Tive alguns professores pelos quais guardo muito carinho e que depois nunca mais vi na minha vida. Assim como também pouco vi os professores dos quais eu não gostava e provavelmente já não lembro de tantos outros, que por uma razão ou outra não ficaram marcados na minha memória. Chego a pensar que professores não devem gostar muito de sair de casa, correr o risco de apanhar de algum aluno insatisfeito e, talvez muito pior, encontrar ex-alunos que ele não faz mais a menor ideia de quem são.
Se para nós que tivemos uns 50 professores de colégio já é difícil nos lembrar de todos, imagina para um professor que tem 50 alunos. Por dia. E que mudam todos os anos.

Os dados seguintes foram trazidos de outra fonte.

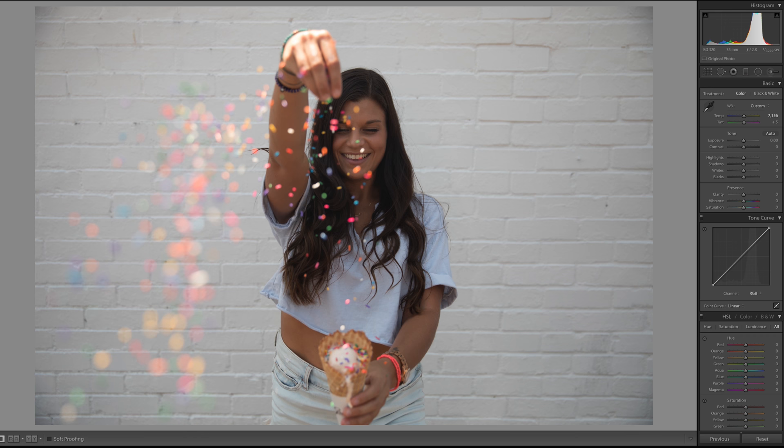Hey everyone, it's Olivia. This is my YouTube channel, so if you're new, welcome; if you're not new, welcome back. I'm going to be doing another photo editing tutorial today on Lightroom — I'm going to show you how to go from this to this. It's actually a pretty simple edit and I'm just going to quickly go over it; this shouldn't be a super long tutorial.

Lembro uma vez que eu encontrei o professor Rebelato, de química, no supermercado Modelo do Coxipó. Sim, era do tempo em que o Modelo ainda existia. Devia ser no ano seguinte ao qual eu havia saído do colégio e ele estava perto dos pães, tomando um café. Cumprimentei-o, assim como fizeram umas 12 pessoas nesse período. Uma figura o Rebelato, que certa vez relatou que já tinha fumado maconha e ensinou uma fórmula que nunca mais esqueci para saber que o correspondente do ácido sulfúrico é o sulfato, do clorídrico é o cloreto.

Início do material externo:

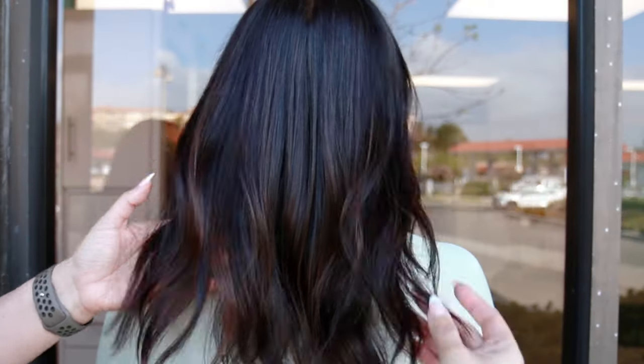For the full list of products and colors used, check out the description down below. I really hope you enjoyed this hair tutorial — if you did, please give this video a thumbs up, make sure to subscribe, and be sure to check out my other hair tutorials right here on this channel. I will see you next time.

Bem, não exagero quando falo que outras 12 pessoas o cumprimentaram enquanto ele tomava um copinho de café de 50 ml. Minha turma tinha outros 30 alunos. Mais 30 na outra turma do 3º ano. Ele dava aula para os 1º e 2º anos, que também tinha duas turmas entre 30 e 40 alunos. Isso no meu colégio, nos três dias por semana que ele dava aula por lá. Ainda havia o cursinho e suas turmas de 50 alunos. O colégio público e mais alguns grupos de 40 estudantes. Chuto por baixo que ele tinha 400 alunos em um ano. Número que variava a cada giro do sol, com novos nomes entrando e outros tantos saindo de seu convívio diário. Não é a toa que tanto professor é candidato a vereador. É impossível que ele grave todos os nomes.

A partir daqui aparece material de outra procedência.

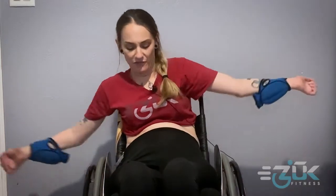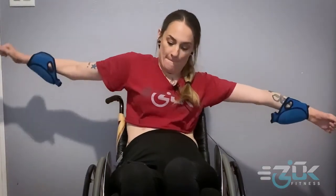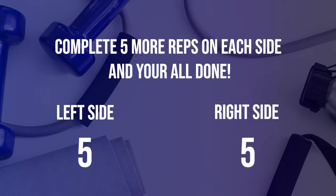Killer workout — I love that one! The next exercise is really exciting and fun. You just go like this and back up. It's a great workout for core training. Ready? Begin!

Lembro de uma vez que encontrei o professor Gonçalo de Física e tive que falar com ele de alguma forma, porque o encontrei na academia durante uns oito dias seguidos, fazendo com que fosse impossível fingir que éramos desconhecidos enquanto revezávamos uma polia. Ele fez um esforço para parecer que de alguma forma se lembrava de mim, ou da minha turma, até porque ele deu aula no meu colégio por poucos anos. Falou com saudade daquela época e que hoje em dia (esse hoje em dia era por volta de 2011) os alunos estavam muito mais difíceis e desrespeitosos. Uma vez encontrei a professora Vera, de História, que talvez tenha sido minha professora favorita. Era aniversário de outra professora/jornalista/amiga e acho que ela se lembrou vagamente de mim sim, o que deve ser um motivo de orgulho pessoal.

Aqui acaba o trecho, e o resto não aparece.